Every entry below should be reproduced exactly, with all pictures left out.

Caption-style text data
================================
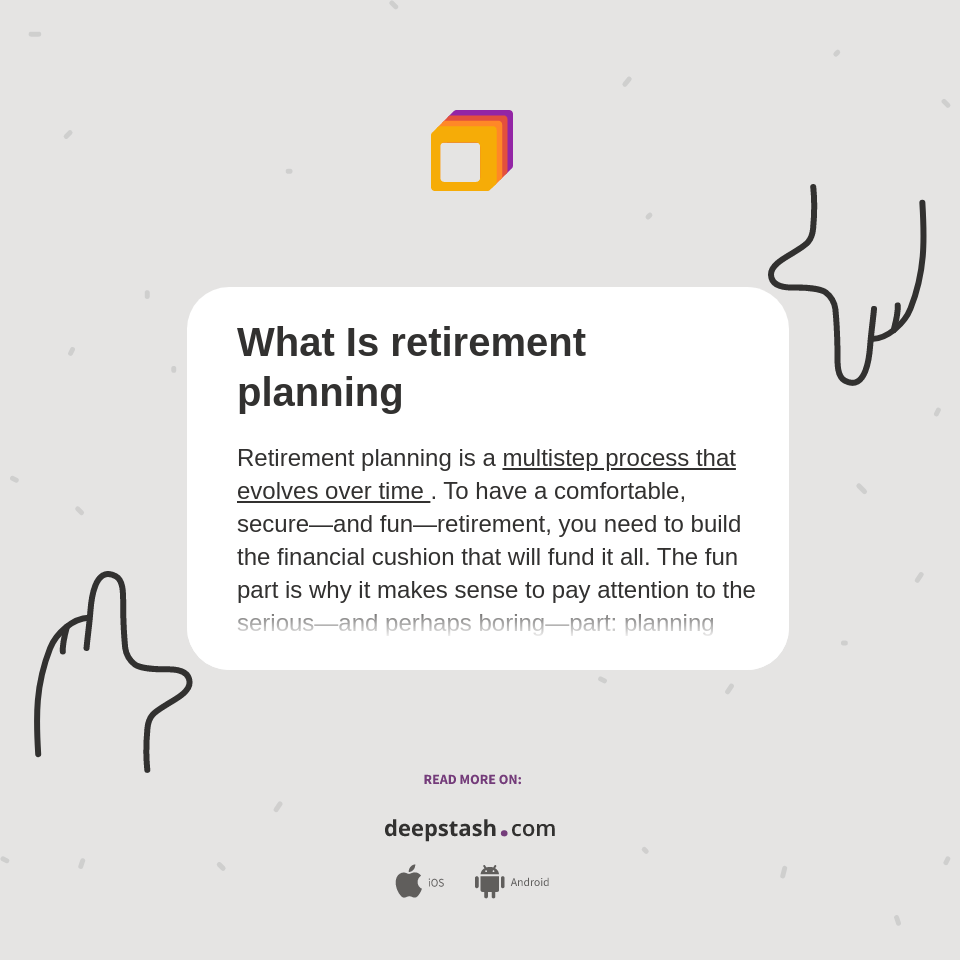 What Is retirement planning Deepstash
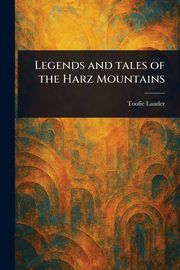 Legends and Tales of the Harz Mountains, Lauder Toofie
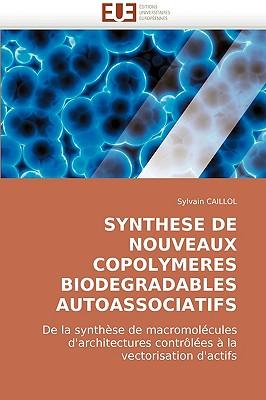 Synthese de Nouveaux Copolymeres Biodegradables Autoassociatifs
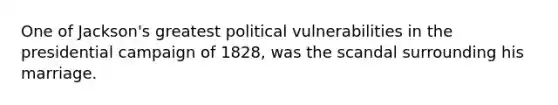 One of Jackson's greatest political vulnerabilities in the presidential campaign of 1828, was the scandal surrounding his marriage.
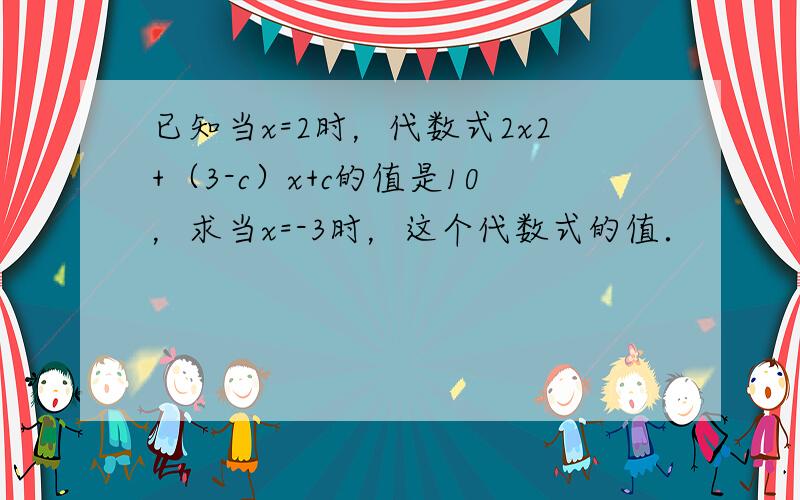 已知当x=2时，代数式2x2+（3-c）x+c的值是10，求当x=-3时，这个代数式的值．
================================
WORKED SOLUTION »
 What Is retirement planning Deepstash
 Legends and Tales of the Harz Mountains, Lauder Toofie
 Synthese de Nouveaux Copolymeres Biodegradables Autoassociatifs
 One of Jackson's greatest political vulnerabilities in the presidential campaign of 1828, was the scandal surrounding his marriage.
 已知当x=2时，代数式2x2+（3-c）x+c的值是10，求当x=-3时，这个代数式的值．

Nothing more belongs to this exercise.